“Public” broadcasting will always go after Trump, so their Week In Politics segment on Weekend Edition Saturday obsessed over Jeffrey Epstein.
At least anchor Scott Simon played a clip of Trump throwing shade on Bill Clinton (which NPR doesn’t want to address): “You know, you should focus on Clinton. You should focus on the president of Harvard, the former president of Harvard [Lawrence Summers, also Treasury Secretary under Clinton]. You should focus on some of the hedge fund guys. I'll give you a list. These guys lived with Jeffrey Epstein. I sure as hell didn't.”
Those Democrats were then immediately forgotten. Simon asked NPR political analyst Ron Elving:
SIMON: Ron, where do you see this controversy headed?
ELVING: It could go any number of directions, but it's not going away. It seems to travel at Trump's speed wherever he goes.
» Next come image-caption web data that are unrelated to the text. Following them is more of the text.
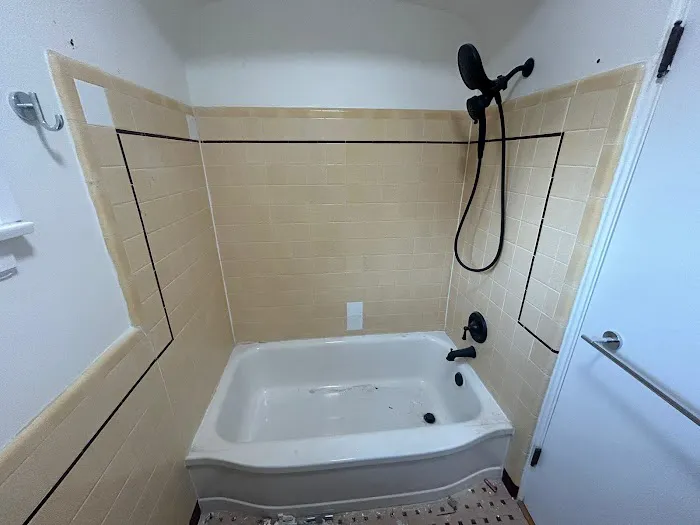 ASAP BathTub Reglazing Picture 10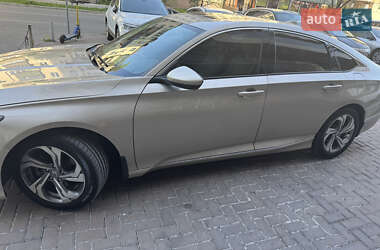 Седан Honda Accord 2019 в 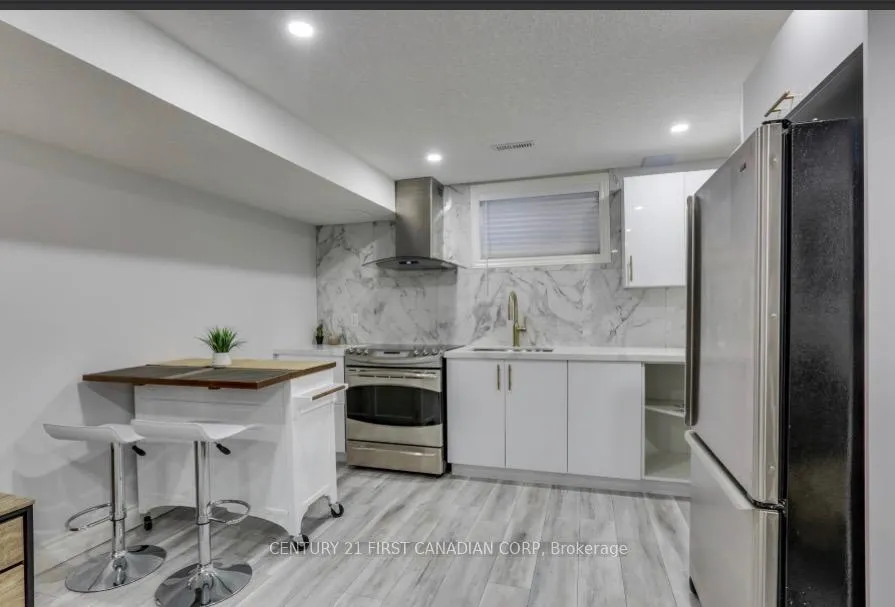 Photo 6 of Unit LOWER, 3194 Morgan Avenue, London, South W — HOMEH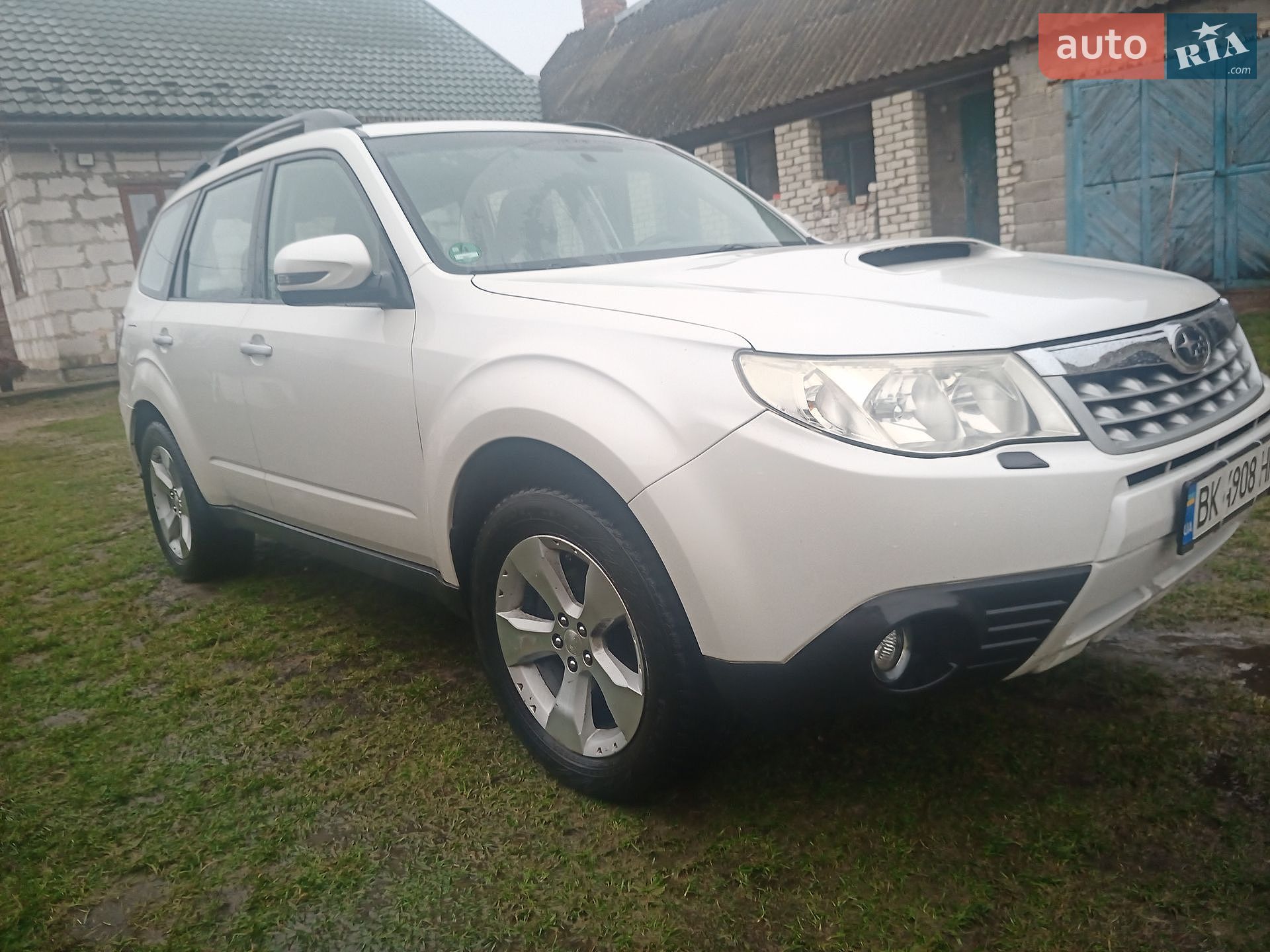 Subaru Forester 2011 VIN JF1SHNLZ3BG250752 фото оголошення 4 з 9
He got an Epstein question getting on the plane here, another when he landed in Scotland....
So he has to hope it all goes away before the fall. But right now, Epstein is the one name in the news as often as Trump, and the two are being endlessly linked in story after story, with all those chummy photos from back in the day.
This is one of those things that liberal journalists do that sounds like passive-aggressive bullying: “So we just happen to be endlessly linking you with a notorious sex-trafficker in story after story, with all those chummy photos. Gosh, how does this keep happening?” They wonder why people hate them.
Simon and Elving didn’t find the Russiagate hoax worth discussing. On Wednesday’s Morning Edition, they carried this tilted headline: “President Trump deflects questions about Epstein probe with accusations about Obama.” The online summary: “President Trump turned to a nearly 8-year-old controversy Tuesday when asked about the Jeffrey Epstein scandal that's been plaguing him for weeks, pivoting to Russian meddling in the 2016 election.”
The media are never “deflecting” when they choose the Trump-punishing story over the Democrat-scrutinizing story.
But you have to laugh at the sound of this: Trump turned to an outdated "nearly 8-year-old controversy" when we’re trying to punish him with a birthday card he allegedly sent to Jeffrey Epstein 22 years ago.